Exactly repeat all the records below, omitting the images they hold.

**Data for this exercise**

= Beginning of Section =

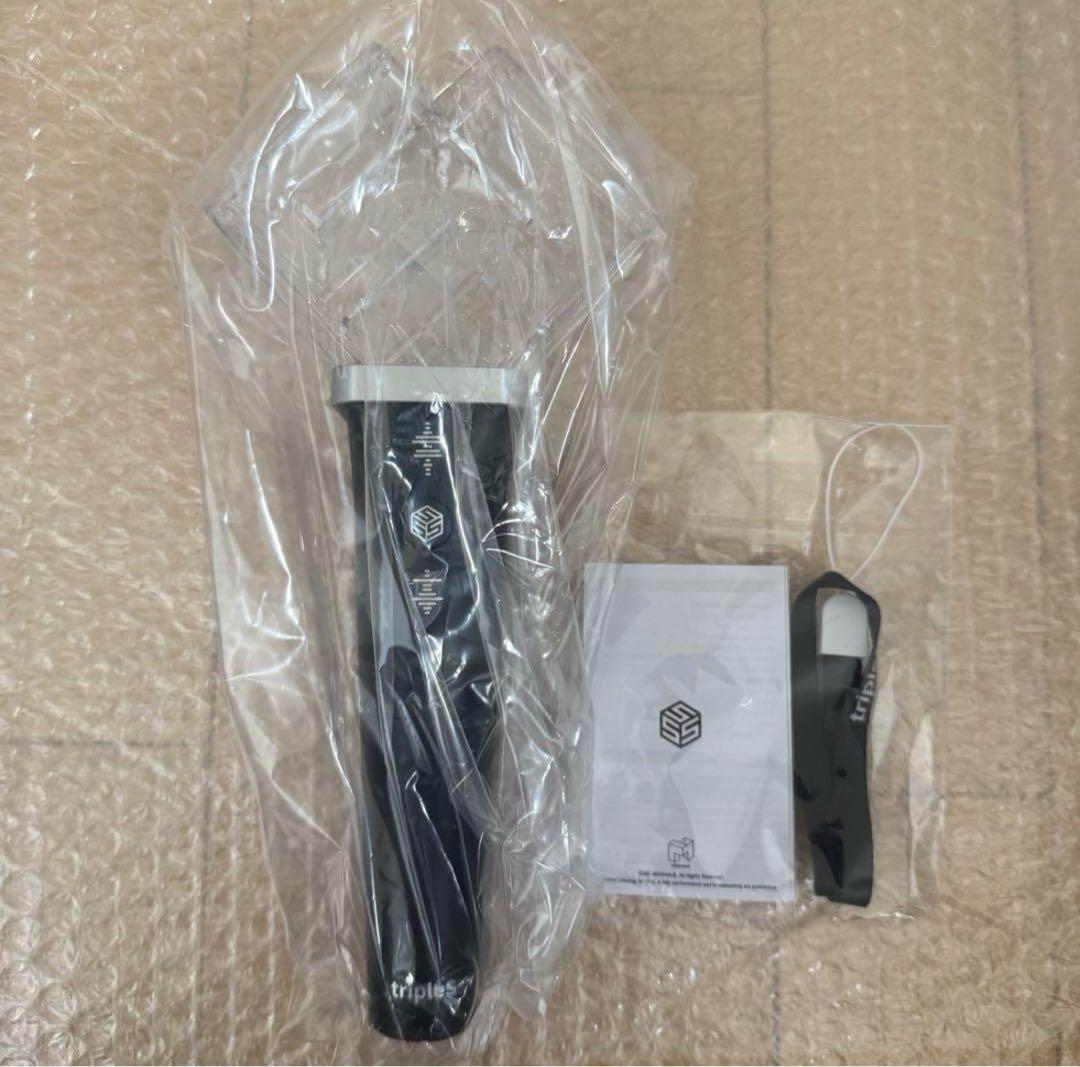 アイドル tripleS OFFICIAL LIGHT STICK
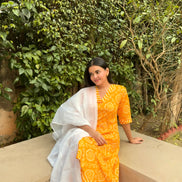 Sunehri Bandhani Set
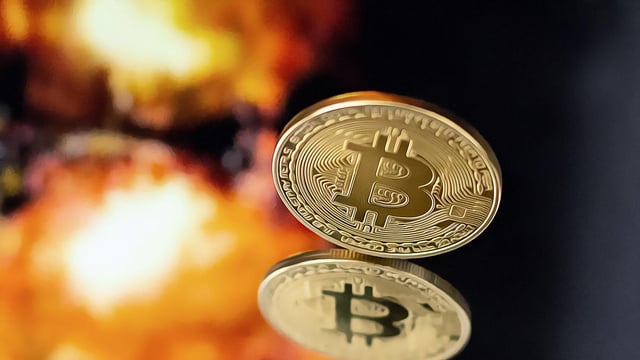 Bitcoin bulls find encouragement in long term moving average indicator
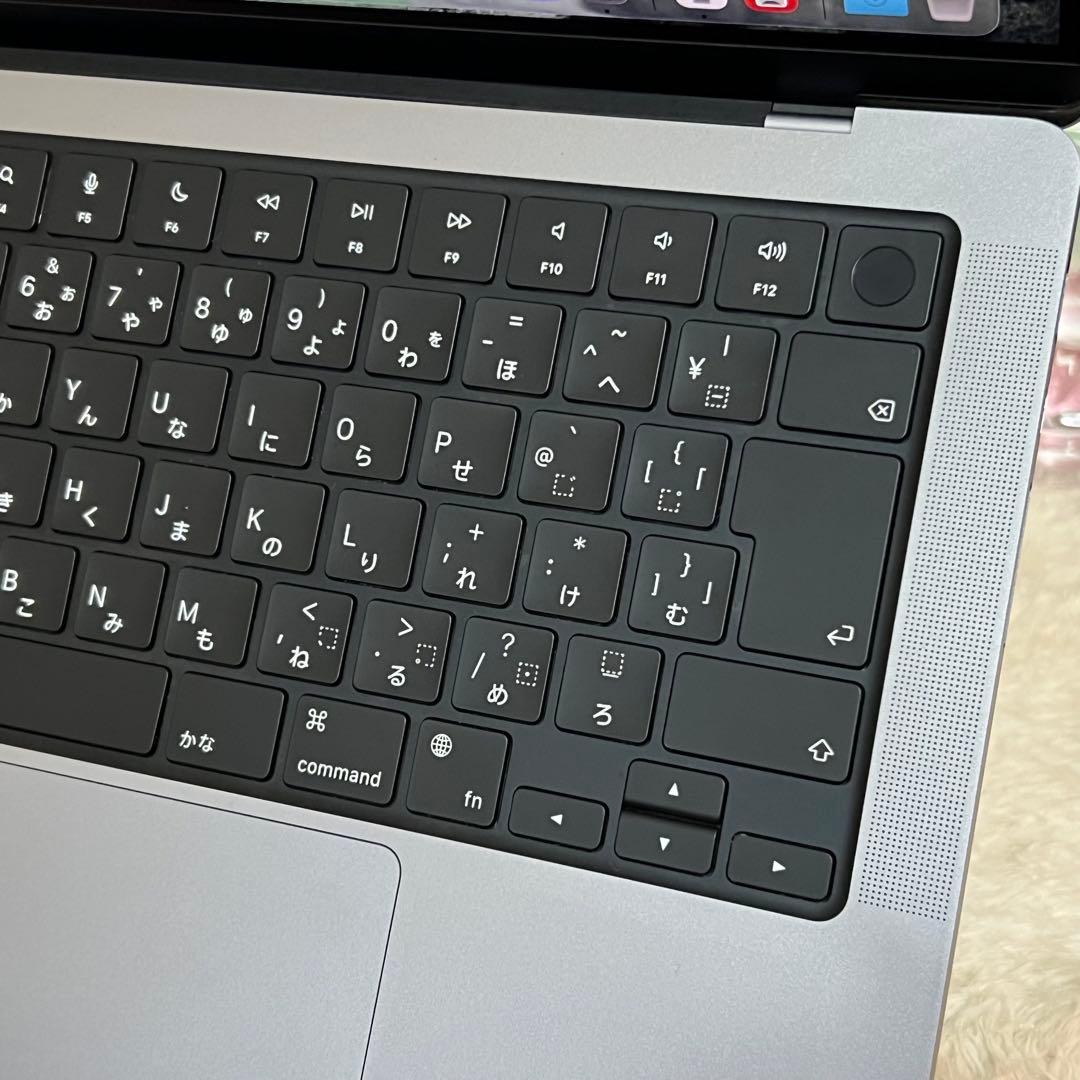 ★MacBook Pro M1 Pro 16GB/1TB 2021 14インチ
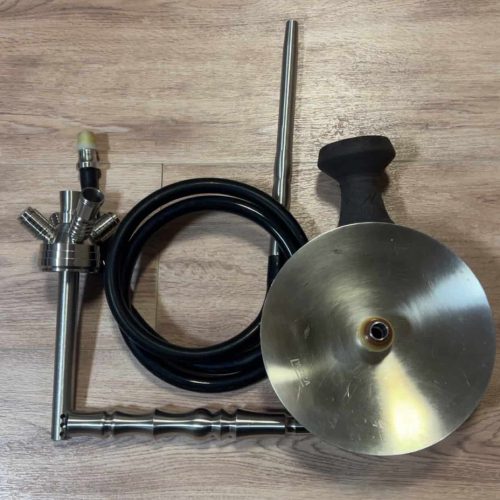 Raucherset für Shisha mit Metallkopf, Schlauch und Zubehör, auf Holzboden liegend.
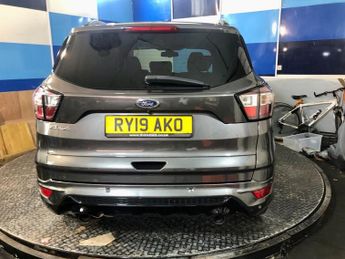 FORD KUGA 2.0 TDCi ST-Line SUV 5dr Diesel Powershift Euro 6 (120 ps)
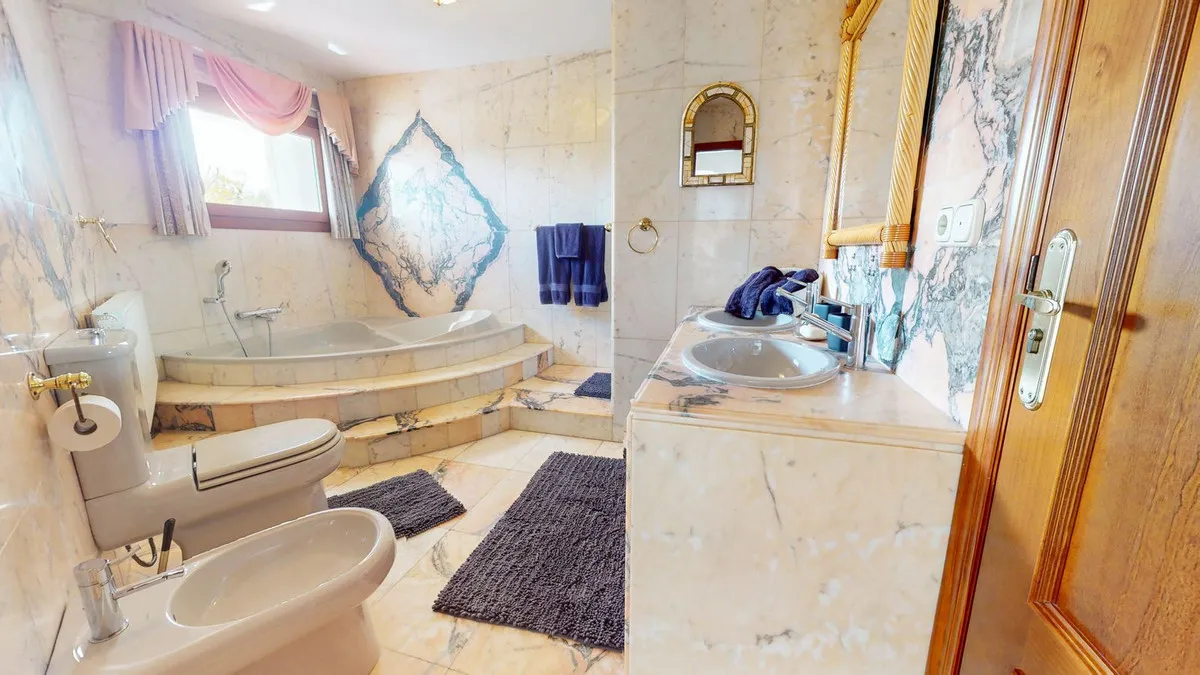 34e08a01-b9f5-4bff-a16c-aac089bc3104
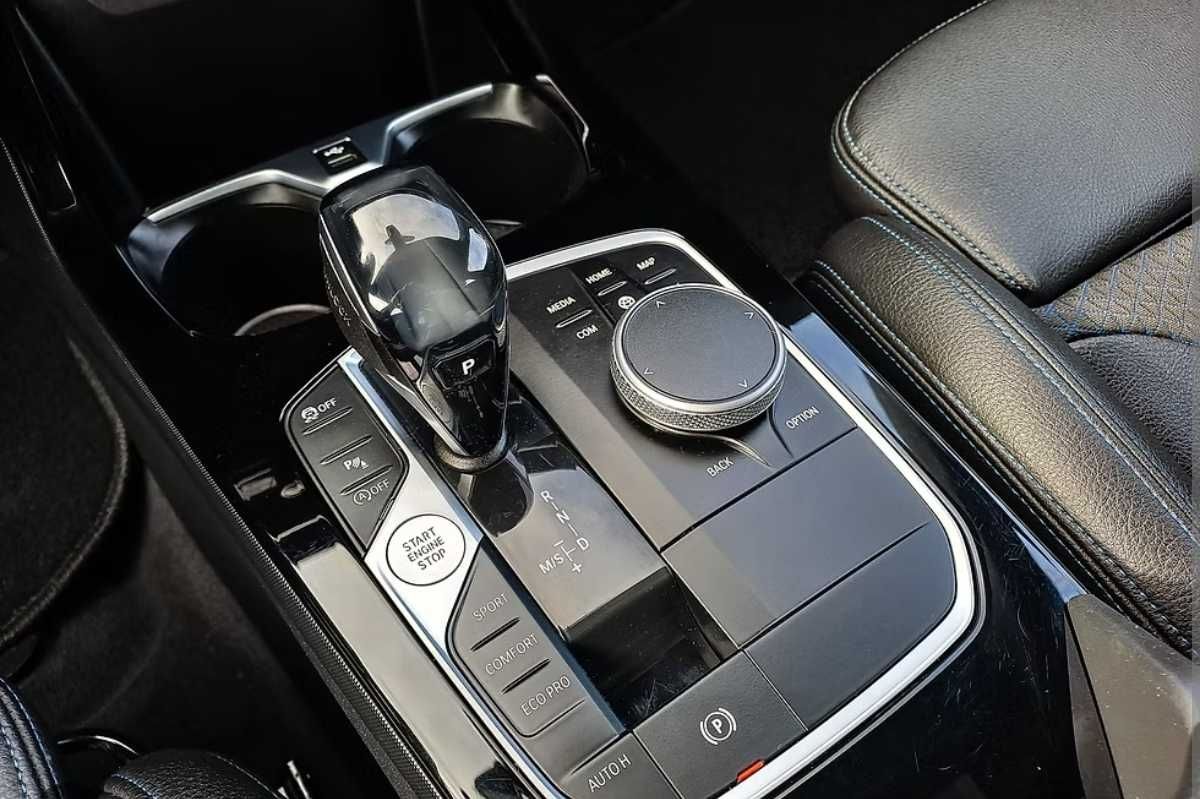 BMW 116d F40 pack desportivo M - 49000 km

= End of Section =

**Result of the exercise**
 アイドル tripleS OFFICIAL LIGHT STICK
 Sunehri Bandhani Set
 Bitcoin bulls find encouragement in long term moving average indicator
 ★MacBook Pro M1 Pro 16GB/1TB 2021 14インチ
 Raucherset für Shisha mit Metallkopf, Schlauch und Zubehör, auf Holzboden liegend.
 FORD KUGA 2.0 TDCi ST-Line SUV 5dr Diesel Powershift Euro 6 (120 ps)
 34e08a01-b9f5-4bff-a16c-aac089bc3104
 BMW 116d F40 pack desportivo M - 49000 km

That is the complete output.